For the purposes of Article 10, the expression "dividend" is defined at (see [1994] 205 ITR (St.) 57) : "... income from shares or other rights, not being debt claims, participating in profits, as well as income from other corporate rights which is subjected to the same taxation treatment as income from shares by the laws of the contracting State of which the company making the distribution is a resident." 15. Though the U.T.I, has been declared, by Section 32(3) of the Unit Trust of India Act, 1963, to be a company for the purposes of the Income-tax Act, and income distributions by it treated as "dividends" for the purposes of certain provisions of the Act such as Section 80L [vide C.B.D.T. Circular No. 567 dated July 19, 1990, printed in [1990] 184 ITR (St.) 164], the Act refers to income from units separately from "dividends" at several places and it is also not certain that the "units" can be said to be "shares" within the meaning of the above definition. They are, however, other rights participating in profits and will fall within the definition if the income from them is accorded the same tax treatment by the Act as "dividend" income from shares. On this aspect, it is found that the Act accords the same tax treatment to income from units of the U.T.I, and from mutual funds covered by Section 10(23D) of the Act : See Sections 80CC, 80L, 88A, 115A. Section 115AB and Section 115AC provide for analogous concessions in respect of units and dividends, respectively. Section 80M seems to be an exception to this rule in that, while income from dividends received by one domestic company from another is deducted, within limits, from the total income, this deduction is now not available in respect of income from units and mutual funds. But the present applicant, not being a domestic company, is not eligible for that relief whatever be the type of income and this exception is not, therefore, relevant to be taken into account in considering the effect of Article 10 for the purposes of this case. The income from units of the U.T.I, and mutual funds specified in Section 10(23D) should, therefore, be treated as dividend income falling under Article 10 of the DTAA and so this category of income also will be liable to tax at the rate of 15 per cent, under that article.

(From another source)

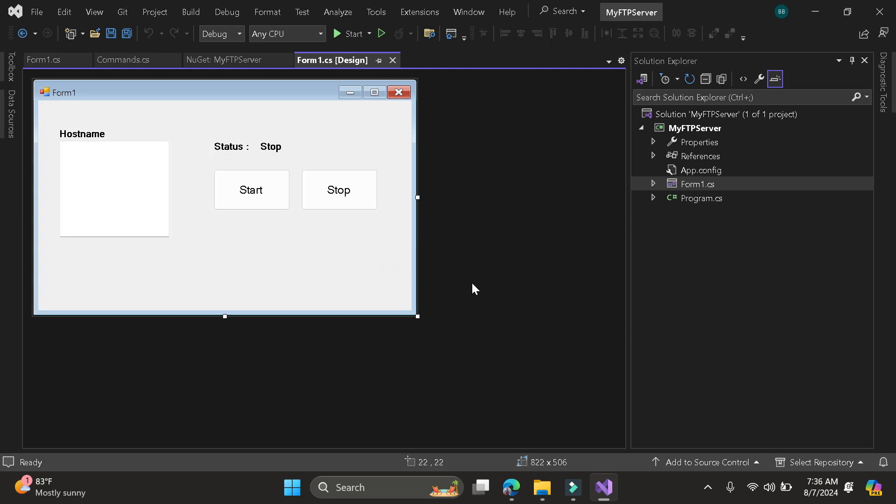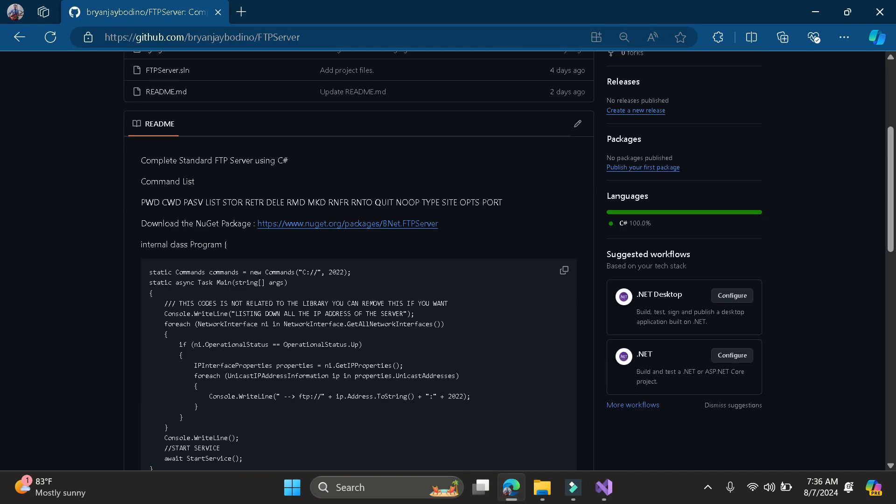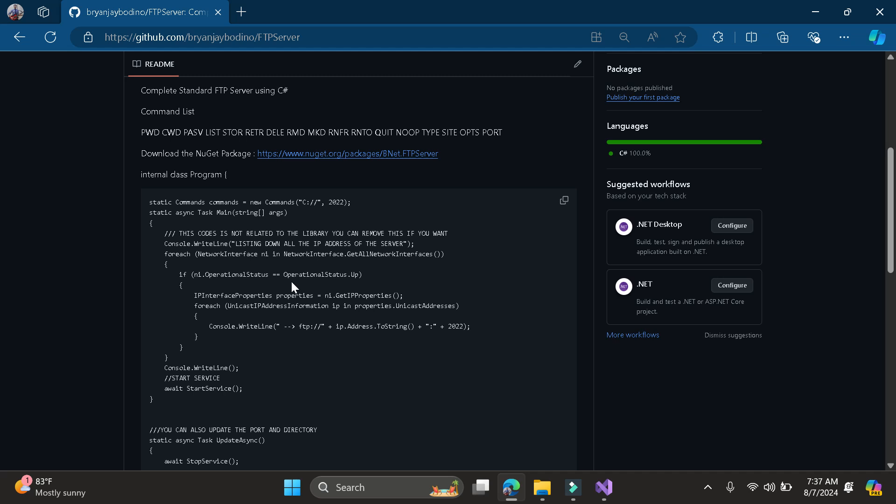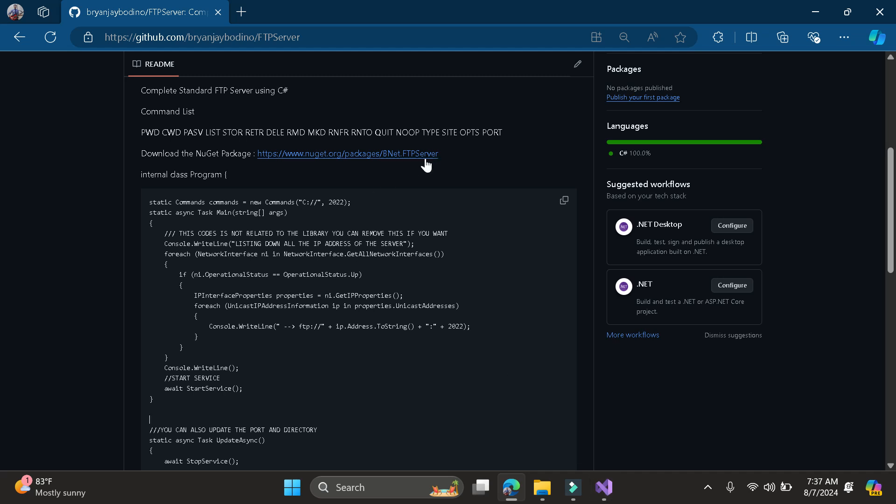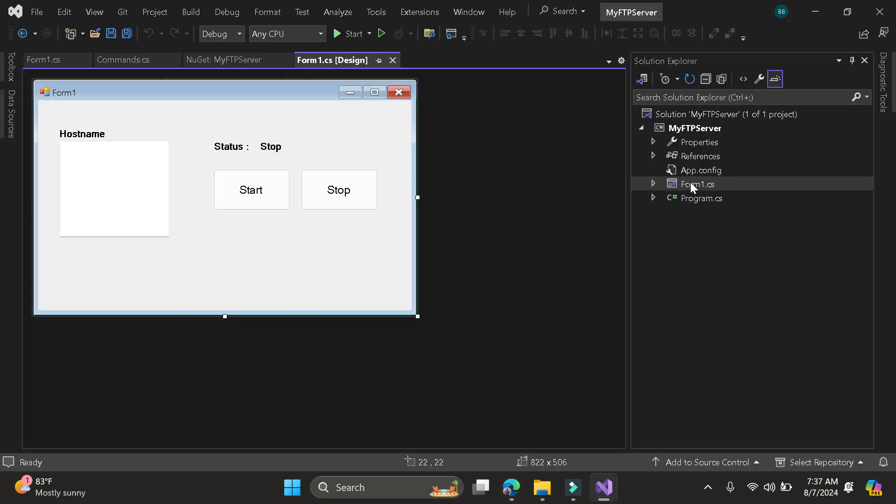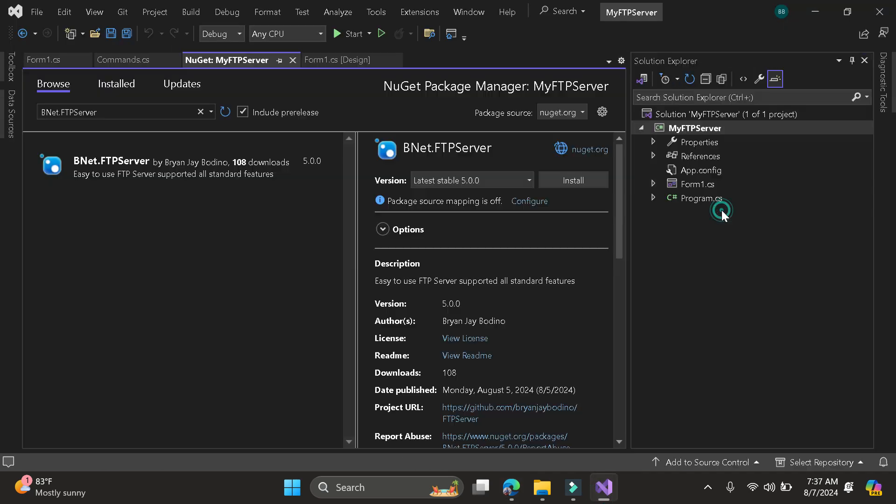So first, we need to read the documentation. So here is the documentation. Then we need to install the NuGet package, Bnet FTP server. So here I will be going to install it in my Visual Studio.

16. Article 11 of the agreement provides for levy of tax at 12.5 per cent. on interest income accruing' to a resident of the U.A.E. from Indian sources. On the basis of this article, the interest income received by the applicant will be liable to tax at 12.5 per cent.
17. Article 13 deals with the capital gains earned by the applicant.
Under this article, capital gains on sale of movable assets like shares, debentures, units and other securities will be liable to tax only in the U.A.E. and not in India.
18. On the basis of the above discussion, the authority pronounces the following ruling on the present application : Question No. 1--Yes ; the applicant can claim the benefits of the DTAA from the assessment year 1995-96 onwards.
Question No. 2(a)--The dividend income from companies, the Unit Trust of India and mutual funds specified in Section 10(23D) of the Act will be liable to tax at 15 per cent.
Question No. 2(b)--The interest income derived from India will be liable to tax at 12.5 per cent.
Question No. 2(c)--The capital gains arising from the sale of movable assets will be exempt from income-tax in India.
Question No. 3-In view of the affirmative answer to question No. 1, this question does not arise.